* _WHAT THE TASK REQUIRES_:
A faithful, picture-free copy of the listing below is required.

[[ RECORDS TO PROCESS open ]]

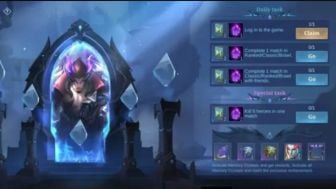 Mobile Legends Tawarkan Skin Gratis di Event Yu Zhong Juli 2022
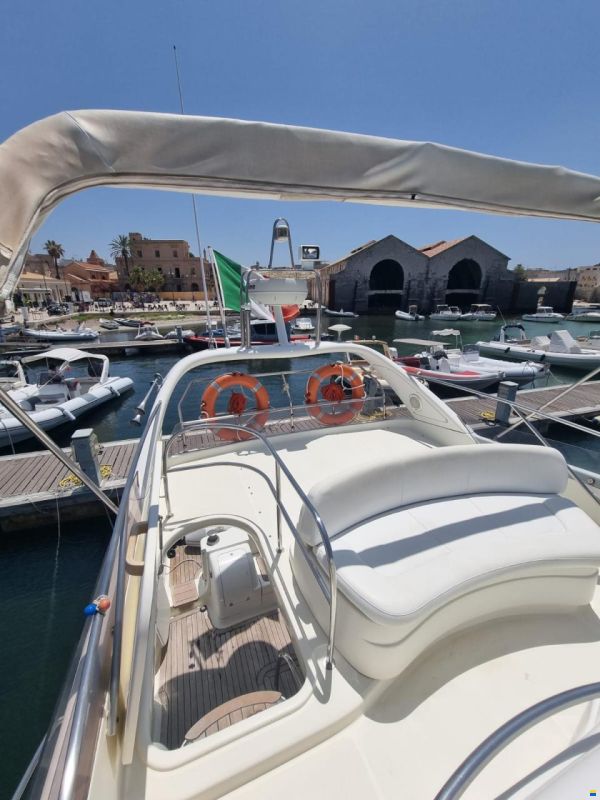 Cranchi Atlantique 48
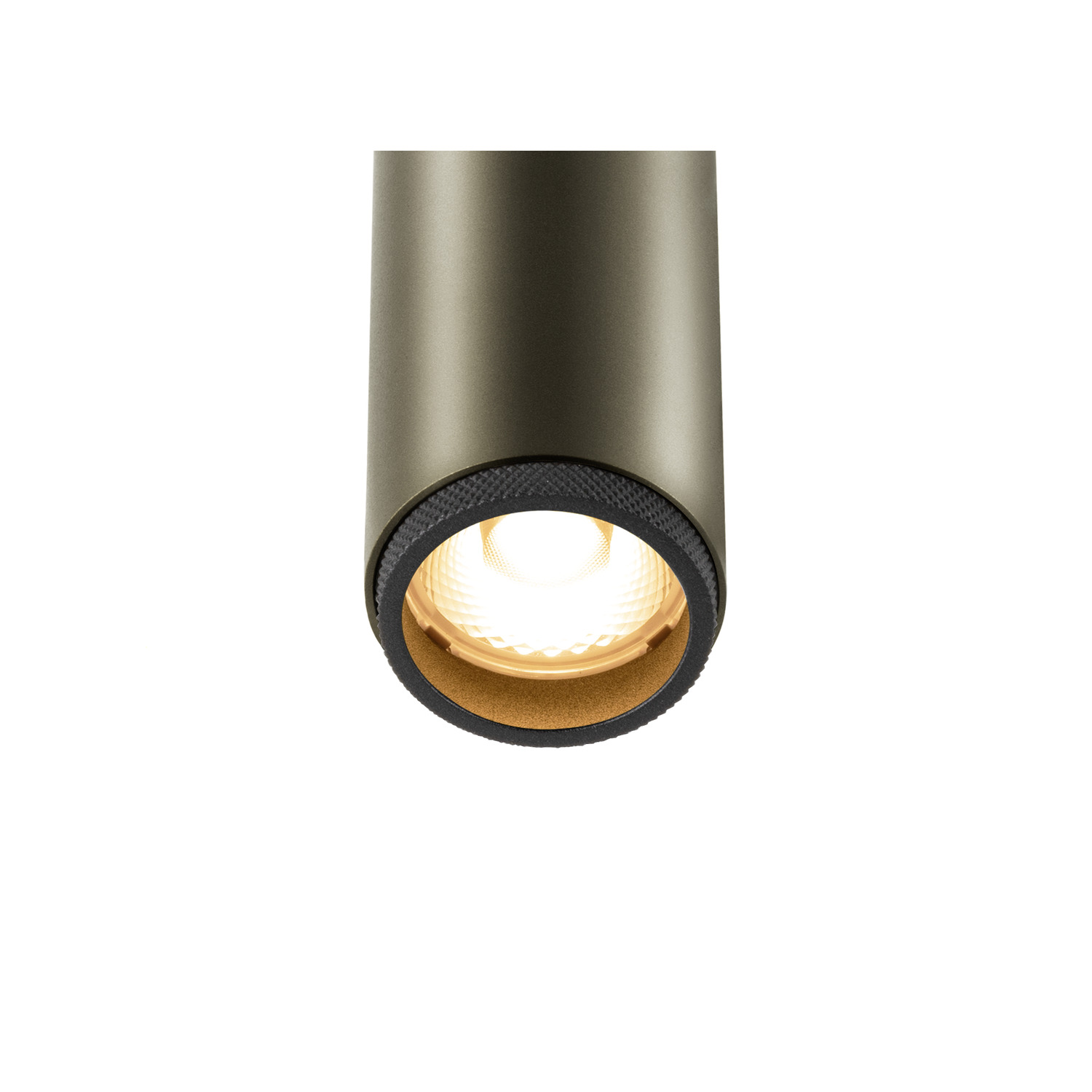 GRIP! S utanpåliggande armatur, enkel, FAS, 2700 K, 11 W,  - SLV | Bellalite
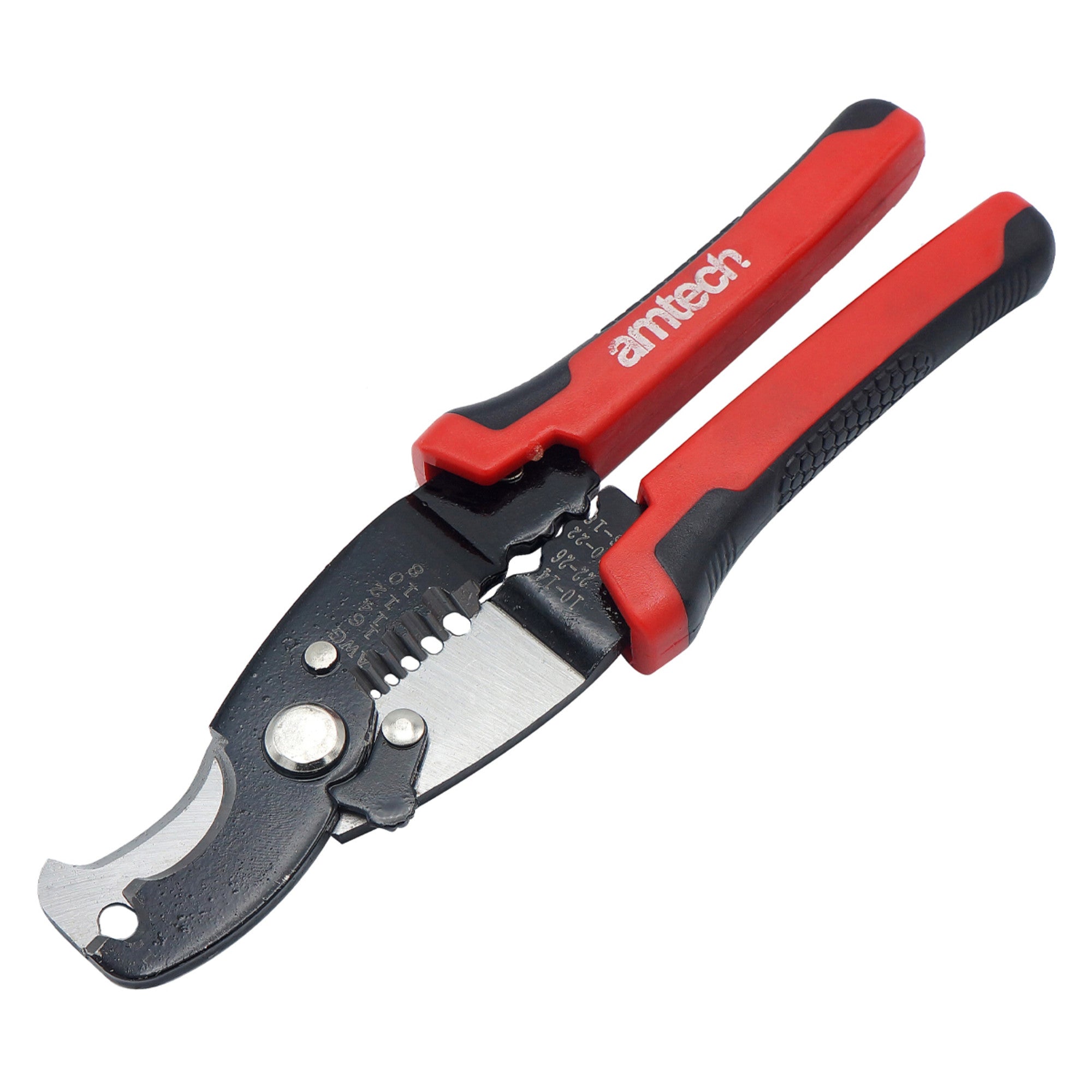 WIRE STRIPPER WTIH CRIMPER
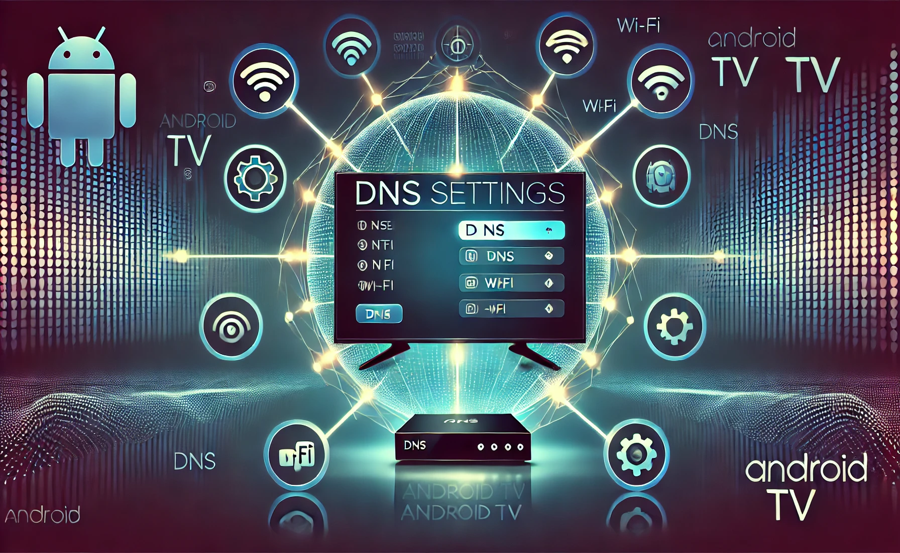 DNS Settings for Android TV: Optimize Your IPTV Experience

[[ RECORDS TO PROCESS closed ]]

* _TASK RESPONSE_:
 Mobile Legends Tawarkan Skin Gratis di Event Yu Zhong Juli 2022
 Cranchi Atlantique 48
 GRIP! S utanpåliggande armatur, enkel, FAS, 2700 K, 11 W,  - SLV | Bellalite
 WIRE STRIPPER WTIH CRIMPER
 DNS Settings for Android TV: Optimize Your IPTV Experience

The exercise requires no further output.